(Scraped caption text data)
=== Begin Enclosure ===

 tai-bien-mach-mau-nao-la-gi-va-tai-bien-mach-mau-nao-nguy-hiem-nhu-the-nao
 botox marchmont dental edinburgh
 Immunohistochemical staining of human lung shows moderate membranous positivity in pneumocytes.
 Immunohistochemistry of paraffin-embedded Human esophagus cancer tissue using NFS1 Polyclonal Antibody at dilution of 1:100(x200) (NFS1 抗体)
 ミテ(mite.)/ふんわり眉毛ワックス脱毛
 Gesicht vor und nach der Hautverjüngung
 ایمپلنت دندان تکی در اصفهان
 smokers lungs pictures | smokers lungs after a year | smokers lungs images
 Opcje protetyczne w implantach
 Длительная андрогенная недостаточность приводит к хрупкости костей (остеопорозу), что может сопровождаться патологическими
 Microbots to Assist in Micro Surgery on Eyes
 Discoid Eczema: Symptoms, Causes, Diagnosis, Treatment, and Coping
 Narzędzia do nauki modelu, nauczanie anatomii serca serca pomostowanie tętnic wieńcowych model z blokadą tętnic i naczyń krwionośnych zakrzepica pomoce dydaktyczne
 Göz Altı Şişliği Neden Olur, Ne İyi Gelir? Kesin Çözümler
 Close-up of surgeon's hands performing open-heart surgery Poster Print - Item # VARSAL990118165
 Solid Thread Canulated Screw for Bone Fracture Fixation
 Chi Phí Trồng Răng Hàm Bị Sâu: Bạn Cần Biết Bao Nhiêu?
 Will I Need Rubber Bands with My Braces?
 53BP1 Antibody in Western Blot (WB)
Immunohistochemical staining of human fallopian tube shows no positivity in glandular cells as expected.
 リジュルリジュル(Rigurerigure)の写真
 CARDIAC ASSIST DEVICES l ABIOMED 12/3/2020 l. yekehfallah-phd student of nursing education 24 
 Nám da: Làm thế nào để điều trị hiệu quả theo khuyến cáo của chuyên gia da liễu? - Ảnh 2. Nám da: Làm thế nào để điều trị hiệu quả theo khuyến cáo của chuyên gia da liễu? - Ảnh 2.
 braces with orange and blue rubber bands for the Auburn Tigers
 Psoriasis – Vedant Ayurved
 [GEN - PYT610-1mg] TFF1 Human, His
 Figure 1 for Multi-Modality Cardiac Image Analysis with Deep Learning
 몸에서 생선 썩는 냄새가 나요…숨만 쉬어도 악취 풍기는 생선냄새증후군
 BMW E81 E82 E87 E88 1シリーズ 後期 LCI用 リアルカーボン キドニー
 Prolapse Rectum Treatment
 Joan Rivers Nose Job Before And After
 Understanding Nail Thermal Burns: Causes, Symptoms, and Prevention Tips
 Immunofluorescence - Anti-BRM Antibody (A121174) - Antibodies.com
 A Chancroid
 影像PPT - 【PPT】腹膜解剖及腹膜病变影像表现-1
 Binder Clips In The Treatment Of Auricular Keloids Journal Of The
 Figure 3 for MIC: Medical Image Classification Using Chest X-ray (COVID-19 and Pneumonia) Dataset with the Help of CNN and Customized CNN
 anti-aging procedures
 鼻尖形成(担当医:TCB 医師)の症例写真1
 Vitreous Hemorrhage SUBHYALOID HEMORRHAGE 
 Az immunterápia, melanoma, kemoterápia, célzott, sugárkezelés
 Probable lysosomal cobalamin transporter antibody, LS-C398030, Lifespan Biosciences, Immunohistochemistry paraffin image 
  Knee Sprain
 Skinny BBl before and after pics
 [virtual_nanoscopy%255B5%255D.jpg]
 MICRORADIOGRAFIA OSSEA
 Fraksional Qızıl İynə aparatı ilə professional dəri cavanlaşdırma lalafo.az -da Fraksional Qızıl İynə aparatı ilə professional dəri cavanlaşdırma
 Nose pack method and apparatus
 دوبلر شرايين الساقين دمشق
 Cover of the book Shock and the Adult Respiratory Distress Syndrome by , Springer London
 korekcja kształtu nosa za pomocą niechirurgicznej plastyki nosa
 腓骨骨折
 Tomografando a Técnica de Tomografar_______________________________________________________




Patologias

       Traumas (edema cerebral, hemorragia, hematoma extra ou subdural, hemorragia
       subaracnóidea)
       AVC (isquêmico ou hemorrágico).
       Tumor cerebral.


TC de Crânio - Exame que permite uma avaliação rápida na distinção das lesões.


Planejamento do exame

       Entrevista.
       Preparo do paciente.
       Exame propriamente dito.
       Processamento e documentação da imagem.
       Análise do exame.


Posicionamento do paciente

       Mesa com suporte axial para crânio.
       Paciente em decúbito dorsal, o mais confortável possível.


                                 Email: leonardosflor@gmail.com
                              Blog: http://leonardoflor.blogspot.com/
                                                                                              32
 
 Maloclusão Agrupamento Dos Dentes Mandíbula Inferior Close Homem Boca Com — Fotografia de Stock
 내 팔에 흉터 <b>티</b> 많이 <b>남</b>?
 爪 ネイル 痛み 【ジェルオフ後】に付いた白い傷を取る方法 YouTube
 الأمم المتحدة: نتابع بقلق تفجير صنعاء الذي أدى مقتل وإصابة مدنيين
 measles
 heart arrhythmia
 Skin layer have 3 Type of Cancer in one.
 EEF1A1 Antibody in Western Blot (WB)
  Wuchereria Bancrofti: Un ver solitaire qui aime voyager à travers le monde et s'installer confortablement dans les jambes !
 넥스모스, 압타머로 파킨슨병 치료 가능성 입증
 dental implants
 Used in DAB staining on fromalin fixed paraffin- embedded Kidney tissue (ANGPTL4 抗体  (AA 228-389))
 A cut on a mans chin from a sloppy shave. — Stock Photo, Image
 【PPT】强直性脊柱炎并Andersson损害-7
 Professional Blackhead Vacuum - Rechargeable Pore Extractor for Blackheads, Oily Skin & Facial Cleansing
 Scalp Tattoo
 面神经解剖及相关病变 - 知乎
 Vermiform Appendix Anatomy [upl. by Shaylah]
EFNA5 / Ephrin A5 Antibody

=== End Enclosure ===

● **Aim of the exercise**
Using the data above, reproduce exactly the lines between those holding "Chi Phí Trồng" and "Skinny BBl before and after pics", inclusive, and no others.

● **Response for this exercise**
 Chi Phí Trồng Răng Hàm Bị Sâu: Bạn Cần Biết Bao Nhiêu?
 Will I Need Rubber Bands with My Braces?
 53BP1 Antibody in Western Blot (WB)
Immunohistochemical staining of human fallopian tube shows no positivity in glandular cells as expected.
 リジュルリジュル(Rigurerigure)の写真
 CARDIAC ASSIST DEVICES l ABIOMED 12/3/2020 l. yekehfallah-phd student of nursing education 24 
 Nám da: Làm thế nào để điều trị hiệu quả theo khuyến cáo của chuyên gia da liễu? - Ảnh 2. Nám da: Làm thế nào để điều trị hiệu quả theo khuyến cáo của chuyên gia da liễu? - Ảnh 2.
 braces with orange and blue rubber bands for the Auburn Tigers
 Psoriasis – Vedant Ayurved
 [GEN - PYT610-1mg] TFF1 Human, His
 Figure 1 for Multi-Modality Cardiac Image Analysis with Deep Learning
 몸에서 생선 썩는 냄새가 나요…숨만 쉬어도 악취 풍기는 생선냄새증후군
 BMW E81 E82 E87 E88 1シリーズ 後期 LCI用 リアルカーボン キドニー
 Prolapse Rectum Treatment
 Joan Rivers Nose Job Before And After
 Understanding Nail Thermal Burns: Causes, Symptoms, and Prevention Tips
 Immunofluorescence - Anti-BRM Antibody (A121174) - Antibodies.com
 A Chancroid
 影像PPT - 【PPT】腹膜解剖及腹膜病变影像表现-1
 Binder Clips In The Treatment Of Auricular Keloids Journal Of The
 Figure 3 for MIC: Medical Image Classification Using Chest X-ray (COVID-19 and Pneumonia) Dataset with the Help of CNN and Customized CNN
 anti-aging procedures
 鼻尖形成(担当医:TCB 医師)の症例写真1
 Vitreous Hemorrhage SUBHYALOID HEMORRHAGE 
 Az immunterápia, melanoma, kemoterápia, célzott, sugárkezelés
 Probable lysosomal cobalamin transporter antibody, LS-C398030, Lifespan Biosciences, Immunohistochemistry paraffin image 
  Knee Sprain
 Skinny BBl before and after pics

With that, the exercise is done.